DIRECTIONS FOR THIS TASK: Copy, word for word, the lines below from the one containing "NEEDLE POINTED FIREPLACE" up to and including the one containing "Old rusty cargo", with pictures left out.

DATA PROVIDED:
= = = = =

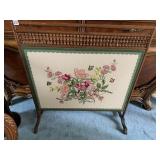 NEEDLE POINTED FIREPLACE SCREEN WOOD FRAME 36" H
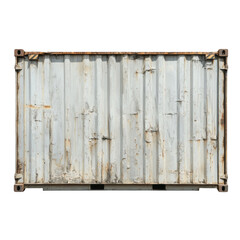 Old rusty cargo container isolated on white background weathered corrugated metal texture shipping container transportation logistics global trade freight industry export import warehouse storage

= = = = =

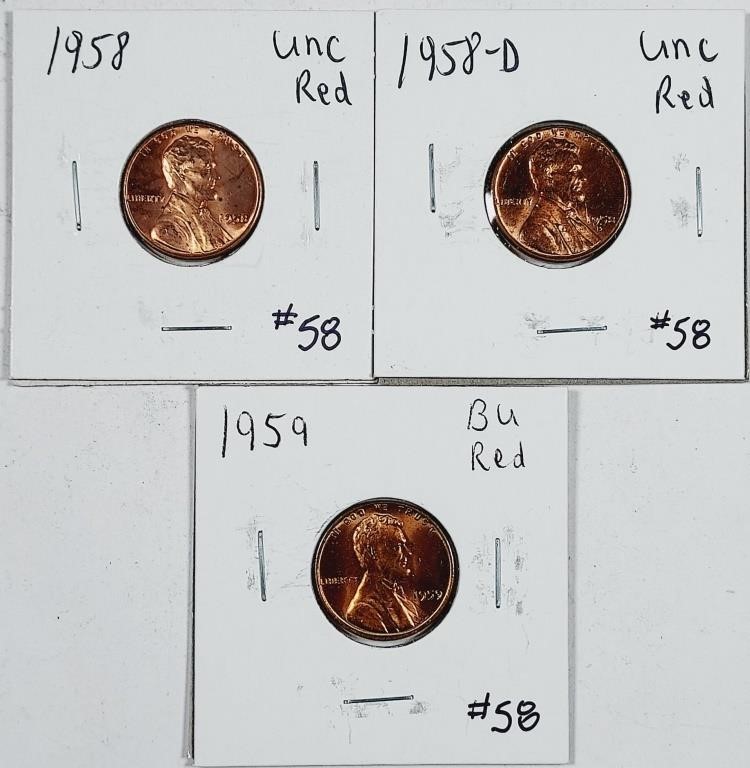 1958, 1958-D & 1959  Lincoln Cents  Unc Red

= = = = =

ANSWER TO THIS PROBLEM:
 NEEDLE POINTED FIREPLACE SCREEN WOOD FRAME 36" H
 Old rusty cargo container isolated on white background weathered corrugated metal texture shipping container transportation logistics global trade freight industry export import warehouse storage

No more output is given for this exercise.